* _Work instruction_
Go to the line holding "CK Median Reporter" in the data below. Return it and each line after it through the last, exactly, and skip the pictures.

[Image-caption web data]
• • • •

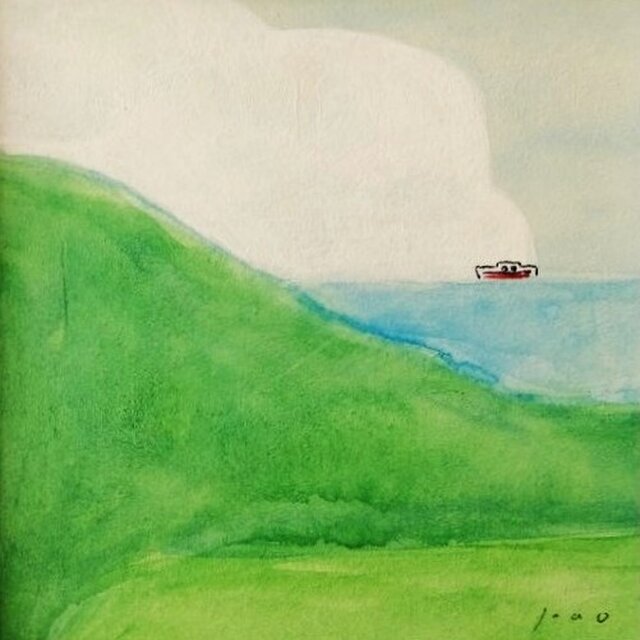 眺めのよい場所」原画 ※木製額縁入り（18㎝角）一点物 水彩 イラスト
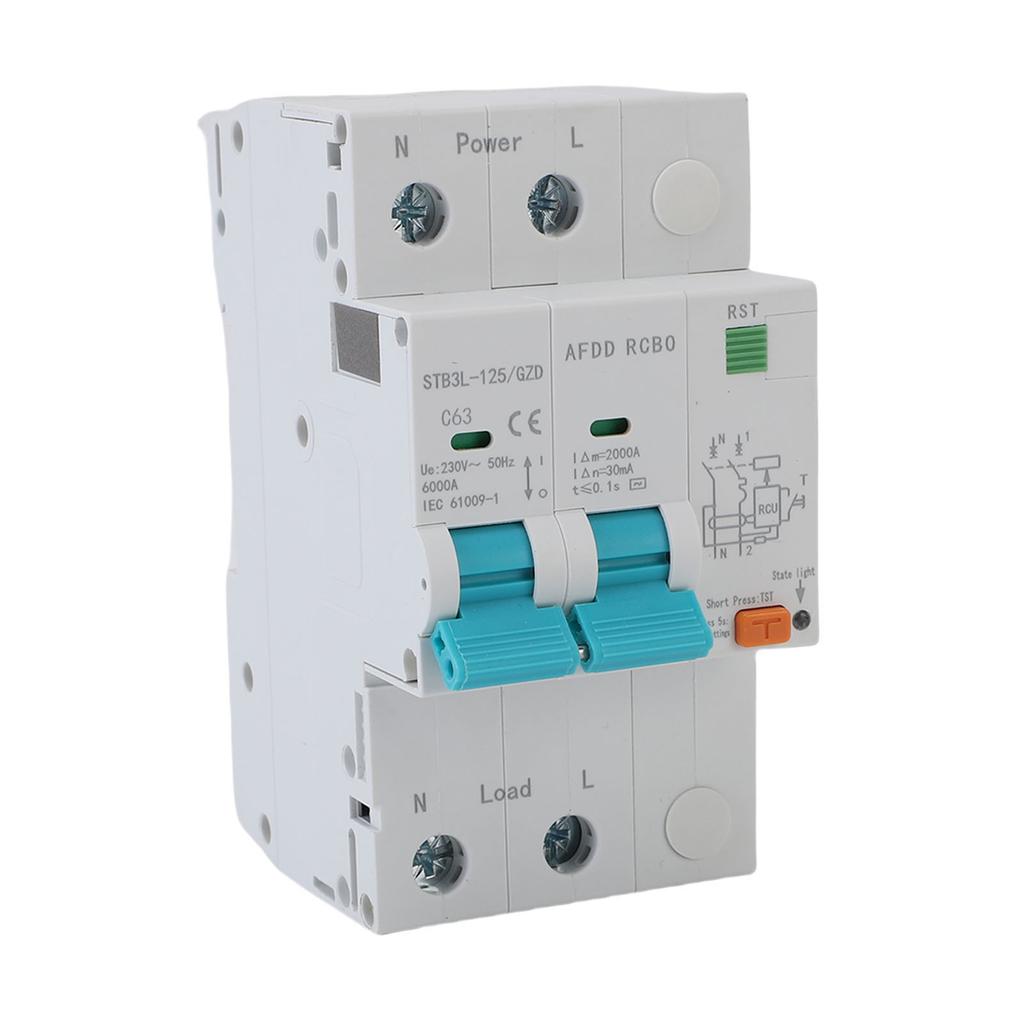 AFDD Lichtbogenfehlerschutzgerät 2P RCBO RCCB Leitungsschutzschalter Unterbrochene Überlast Erdschluss Kurzschluss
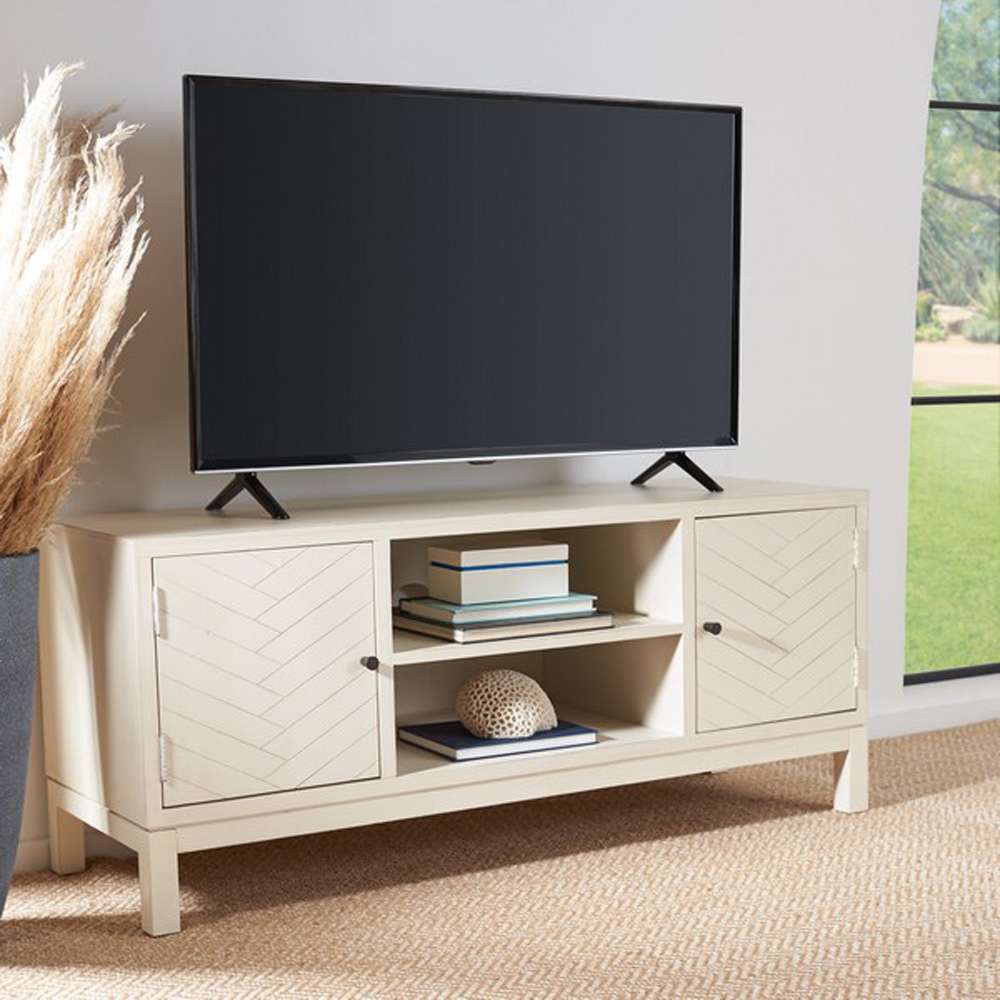 Safavieh - Ajana 2Dr 1Shlf Media Stand - Distressed White  - MED5703A veiw 2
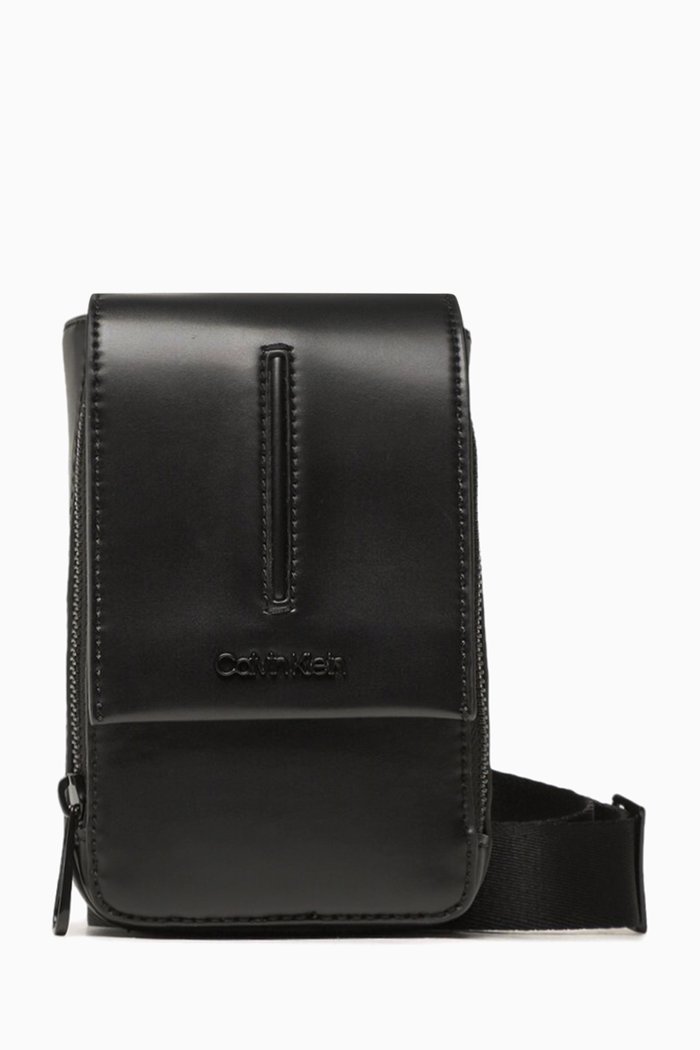 

CK Median Reporter Bag in Recycled Faux Leather, Black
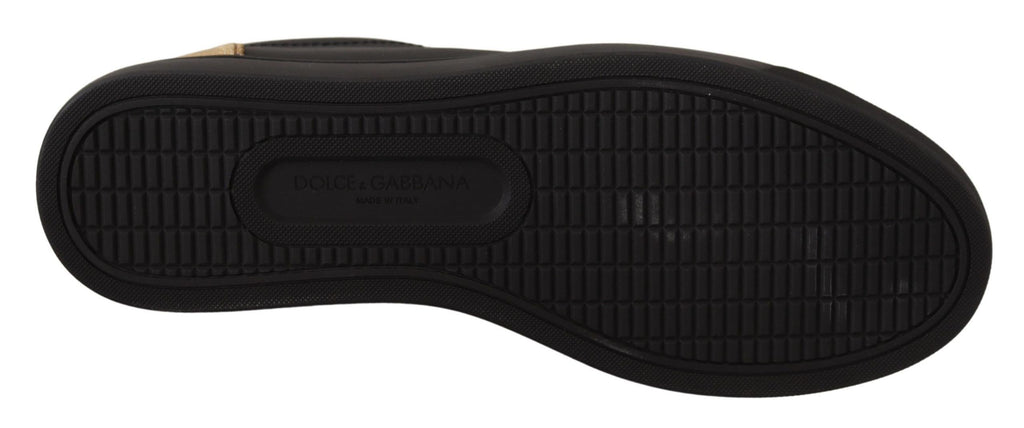 Dolce & Gabbana Schwarz Gold Leder Low Top Sneakers Damen Schuhe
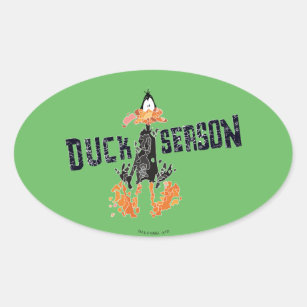 Disintegrated DAFFY DUCK™ "Duck Season" Oval Sticker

• • • •

* _Solution to this exercise_
CK Median Reporter Bag in Recycled Faux Leather, Black
 Dolce & Gabbana Schwarz Gold Leder Low Top Sneakers Damen Schuhe
 Disintegrated DAFFY DUCK™ "Duck Season" Oval Sticker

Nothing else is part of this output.